For Mr. Clinton, problems could lie in how his testimony stacks up against both his own previous sworn statement and detailed accounts given by others. Specifically, he has to worry about such matters as his assertion that he didn't cause a meeting to be set up between Mr. Jordan and Ms. Lewinsky. "What my memory of this is, if you're asking me did I set the meeting up, I do not believe that I did," he testified in the Jones case. "I think that [Ms. Lewinsky] and Betty were close, and I think Betty did it." Conceivably, that is open to contradiction by Mr. Jordan, Ms. Currie and Ms. Lewinsky.

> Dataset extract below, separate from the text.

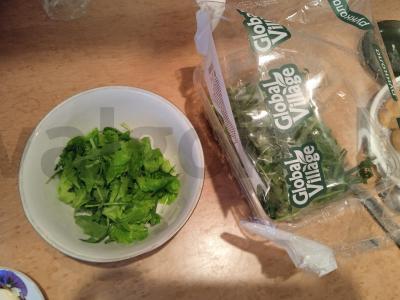 Salotos su daržovėmis ir vištienos nagetais Žingsnis 1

While it won't be unassailable, testimony by Ms. Lewinsky on matters not directly related to sex is another potential problem area. With Ms. Lewinsky's meeting with Mr. Starr Monday, it seemed likely she would be appearing before the grand jury eventually and could talk about whether Mr. Clinton ever encouraged her to lie.

Beyond the particular contours of the Lewinsky investigation are other basic downsides to an appearance. Defense lawyers almost always advise their clients against testifying if their clients are targeted by a prosecutor, says Jack King of the National Association of Criminal Defense Lawyers, because "in all likelihood his statements will be used against him by the government." While Mr. Clinton hasn't been informed by Mr. Starr that he is a target, "for all intents and purposes he is the target of this investigation whether he got a target letter or not."

Ordinarily, citizens can invoke the Fifth Amendment to avoid questioning by a prosecutor. Most people think Mr. Clinton can't do that for political reasons, but the president could refuse to testify on loftier grounds. Some in the White House and elsewhere believe the only body empowered under the Constitution to question the president's conduct is the House of Representatives. Many scholars believe presidents can't be indicted and thus, by extension, shouldn't be forced to testify potentially against themselves.

"I think there's a strong constitutional case to be made that a subpoena can't be enforced against the president, but it is an open question in constitutional law," said Paul Rothstein of Georgetown University Law Center.

Whether the president testifies may come down to considerations of law and defense strategy rather than the finer points of the negotiations between Mr. Kendall and prosecutors. The two sides aren't far from an agreement. Mr. Kendall wants to sit in on Mr. Clinton's testimony, have it take place at the White House, know in advance what it will concern and have limits on its scope. While these would be extraordinary demands in a regular criminal case, Mr. Starr has agreed to most of them on previous occasions.

The only truly large concession Mr. Starr would be making, lawyers familiar with the case say, would be to agree to limits on scope. He might do so to force an agreement with Mr. Kendall and bring Mr. Clinton to the witness stand whether he wants to be there or not.